His lesson comes to mind when talking about today’s pandemic. We are making progress, but too often, the big stories revolve around people who are either hesitant or downright resistant to getting the vaccine because of fears and/or misinformation. There are stories of people who are frustrated with the process. There are the stories that highlight the failures of the J&J vaccine production plus the CDC’s being very careful with some serious side effects. These are legitimate stories.

However, we also need more stories that highlight our successes. We have put over 200,000,000 shots in arms in 100 days. At that rate, which includes some early low numbers as the vaccine efforts were gearing up, we could easily have just about everyone vaccinated before fall. This means a normal school year.
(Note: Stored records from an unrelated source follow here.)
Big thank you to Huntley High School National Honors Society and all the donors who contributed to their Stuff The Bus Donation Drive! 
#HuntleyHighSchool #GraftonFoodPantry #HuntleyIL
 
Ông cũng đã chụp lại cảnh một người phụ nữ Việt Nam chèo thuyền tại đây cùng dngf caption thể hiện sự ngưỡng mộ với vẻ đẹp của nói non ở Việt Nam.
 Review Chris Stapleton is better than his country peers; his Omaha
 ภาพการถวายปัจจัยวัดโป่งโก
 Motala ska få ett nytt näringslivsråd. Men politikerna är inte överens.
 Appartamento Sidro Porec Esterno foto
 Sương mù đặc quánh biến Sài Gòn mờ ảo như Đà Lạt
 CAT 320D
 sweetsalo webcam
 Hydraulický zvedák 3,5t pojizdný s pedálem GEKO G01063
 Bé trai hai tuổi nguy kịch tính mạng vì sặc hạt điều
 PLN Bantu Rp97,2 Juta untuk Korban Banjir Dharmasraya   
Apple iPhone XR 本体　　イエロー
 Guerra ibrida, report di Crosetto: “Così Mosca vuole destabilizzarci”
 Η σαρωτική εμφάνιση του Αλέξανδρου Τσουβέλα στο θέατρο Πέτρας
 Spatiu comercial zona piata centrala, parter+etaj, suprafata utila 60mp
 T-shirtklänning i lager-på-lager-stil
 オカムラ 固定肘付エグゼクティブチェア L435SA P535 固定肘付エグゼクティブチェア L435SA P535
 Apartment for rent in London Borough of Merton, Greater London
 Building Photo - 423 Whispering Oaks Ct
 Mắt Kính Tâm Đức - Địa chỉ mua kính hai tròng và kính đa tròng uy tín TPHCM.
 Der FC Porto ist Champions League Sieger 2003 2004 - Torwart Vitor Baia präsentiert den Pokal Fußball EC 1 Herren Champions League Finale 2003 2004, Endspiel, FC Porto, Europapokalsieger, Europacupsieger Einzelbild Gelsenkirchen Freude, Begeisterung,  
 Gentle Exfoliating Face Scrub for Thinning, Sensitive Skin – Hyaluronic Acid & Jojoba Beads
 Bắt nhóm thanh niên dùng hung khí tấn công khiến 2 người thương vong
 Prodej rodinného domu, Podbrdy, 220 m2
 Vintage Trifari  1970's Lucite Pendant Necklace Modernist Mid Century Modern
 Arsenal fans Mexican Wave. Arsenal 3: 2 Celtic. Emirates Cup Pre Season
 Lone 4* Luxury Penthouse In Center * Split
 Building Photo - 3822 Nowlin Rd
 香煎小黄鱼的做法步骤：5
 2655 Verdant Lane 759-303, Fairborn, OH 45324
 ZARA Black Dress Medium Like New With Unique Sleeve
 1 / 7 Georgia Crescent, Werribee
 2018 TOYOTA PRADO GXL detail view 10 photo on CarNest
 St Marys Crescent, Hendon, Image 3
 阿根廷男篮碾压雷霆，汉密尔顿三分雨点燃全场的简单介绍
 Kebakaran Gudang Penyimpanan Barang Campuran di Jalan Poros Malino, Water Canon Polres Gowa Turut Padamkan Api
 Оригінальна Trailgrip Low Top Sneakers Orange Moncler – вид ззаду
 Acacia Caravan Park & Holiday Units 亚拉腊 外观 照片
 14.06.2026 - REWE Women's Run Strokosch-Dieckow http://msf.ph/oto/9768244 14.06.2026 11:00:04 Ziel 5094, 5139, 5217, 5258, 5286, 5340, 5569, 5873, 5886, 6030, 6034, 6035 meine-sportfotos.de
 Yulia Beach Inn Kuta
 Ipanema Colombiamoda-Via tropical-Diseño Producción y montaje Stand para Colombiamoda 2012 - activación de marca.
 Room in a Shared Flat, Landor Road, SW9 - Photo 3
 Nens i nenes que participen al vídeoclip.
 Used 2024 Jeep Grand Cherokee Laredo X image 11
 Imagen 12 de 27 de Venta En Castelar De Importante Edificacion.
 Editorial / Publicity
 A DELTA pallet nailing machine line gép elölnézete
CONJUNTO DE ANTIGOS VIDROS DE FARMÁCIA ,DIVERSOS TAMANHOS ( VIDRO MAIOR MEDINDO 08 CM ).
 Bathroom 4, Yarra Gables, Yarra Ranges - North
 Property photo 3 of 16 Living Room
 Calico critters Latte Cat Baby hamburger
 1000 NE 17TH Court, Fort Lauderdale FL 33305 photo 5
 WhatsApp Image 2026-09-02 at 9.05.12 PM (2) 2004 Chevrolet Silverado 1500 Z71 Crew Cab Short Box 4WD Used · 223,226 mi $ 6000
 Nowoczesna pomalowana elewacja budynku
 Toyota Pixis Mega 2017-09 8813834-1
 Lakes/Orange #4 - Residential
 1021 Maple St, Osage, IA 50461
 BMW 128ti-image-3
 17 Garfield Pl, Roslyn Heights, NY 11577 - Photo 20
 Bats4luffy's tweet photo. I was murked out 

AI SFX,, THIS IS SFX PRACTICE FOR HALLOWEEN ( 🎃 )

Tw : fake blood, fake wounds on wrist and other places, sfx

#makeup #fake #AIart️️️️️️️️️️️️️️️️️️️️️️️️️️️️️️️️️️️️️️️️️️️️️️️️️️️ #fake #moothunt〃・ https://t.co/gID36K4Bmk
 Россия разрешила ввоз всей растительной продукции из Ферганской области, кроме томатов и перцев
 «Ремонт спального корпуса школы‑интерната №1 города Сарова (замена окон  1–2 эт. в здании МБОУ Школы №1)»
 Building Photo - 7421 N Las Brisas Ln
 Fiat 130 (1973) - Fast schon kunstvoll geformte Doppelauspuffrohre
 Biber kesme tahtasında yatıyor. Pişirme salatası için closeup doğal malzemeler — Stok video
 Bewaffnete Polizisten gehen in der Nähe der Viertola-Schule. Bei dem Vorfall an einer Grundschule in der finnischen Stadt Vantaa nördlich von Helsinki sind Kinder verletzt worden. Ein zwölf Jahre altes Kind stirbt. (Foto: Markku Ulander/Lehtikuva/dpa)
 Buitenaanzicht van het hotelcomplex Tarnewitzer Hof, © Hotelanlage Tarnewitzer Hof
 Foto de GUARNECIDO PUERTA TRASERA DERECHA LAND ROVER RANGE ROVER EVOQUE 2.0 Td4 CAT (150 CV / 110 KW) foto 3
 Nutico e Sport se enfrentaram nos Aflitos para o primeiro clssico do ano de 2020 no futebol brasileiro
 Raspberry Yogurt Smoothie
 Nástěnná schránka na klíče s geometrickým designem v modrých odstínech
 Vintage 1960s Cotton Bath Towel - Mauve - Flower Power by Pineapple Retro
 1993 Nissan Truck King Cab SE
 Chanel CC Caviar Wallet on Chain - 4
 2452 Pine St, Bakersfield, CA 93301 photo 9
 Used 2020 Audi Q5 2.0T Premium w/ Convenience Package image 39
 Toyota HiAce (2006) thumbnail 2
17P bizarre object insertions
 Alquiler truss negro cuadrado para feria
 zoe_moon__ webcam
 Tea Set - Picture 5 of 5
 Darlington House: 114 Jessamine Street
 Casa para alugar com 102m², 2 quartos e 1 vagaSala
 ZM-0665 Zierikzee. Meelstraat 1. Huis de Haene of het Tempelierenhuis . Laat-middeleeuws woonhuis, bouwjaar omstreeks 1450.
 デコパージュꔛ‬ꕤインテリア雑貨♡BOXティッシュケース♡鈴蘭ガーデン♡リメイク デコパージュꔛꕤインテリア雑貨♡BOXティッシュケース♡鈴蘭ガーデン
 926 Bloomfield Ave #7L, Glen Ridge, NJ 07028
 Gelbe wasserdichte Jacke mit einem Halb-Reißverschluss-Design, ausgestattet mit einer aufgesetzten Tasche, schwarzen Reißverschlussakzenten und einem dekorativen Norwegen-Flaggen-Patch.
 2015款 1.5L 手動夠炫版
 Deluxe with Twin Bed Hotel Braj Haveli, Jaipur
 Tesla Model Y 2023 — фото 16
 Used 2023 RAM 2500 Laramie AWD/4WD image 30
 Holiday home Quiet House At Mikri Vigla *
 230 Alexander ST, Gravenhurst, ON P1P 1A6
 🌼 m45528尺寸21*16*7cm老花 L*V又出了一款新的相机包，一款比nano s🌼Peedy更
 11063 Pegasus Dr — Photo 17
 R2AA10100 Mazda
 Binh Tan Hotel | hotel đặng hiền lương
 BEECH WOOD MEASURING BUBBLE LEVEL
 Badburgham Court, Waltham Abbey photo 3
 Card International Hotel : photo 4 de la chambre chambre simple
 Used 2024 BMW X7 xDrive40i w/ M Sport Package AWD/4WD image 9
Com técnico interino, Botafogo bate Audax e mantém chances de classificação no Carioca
We could be back at baseball, football and basketball games. We could have trick-or-treating and families enjoying Thanksgiving dinners and under Christmas trees.

Although a new surge is upon us, it does not appear to be nearly as bad as the earlier surges because of the vaccine program, including J&J, what we have learned about the disease, and the positive effects of continued masking, distancing, and hand washing. We are now demonstrating global leadership by lending a helping hand to those countries who are in worse shape than we.

Yes, we still have problems, and yes, we need to get the positivity rate way down, far under 1 percent. We can do this. When we have people following the science and doing the right things, we can overcome this virus. People need to be reminded of just how far we have come and encouraged to stay the course. All pandemics come to an end. If we continue to do the right things, we can end this one sooner rather than later.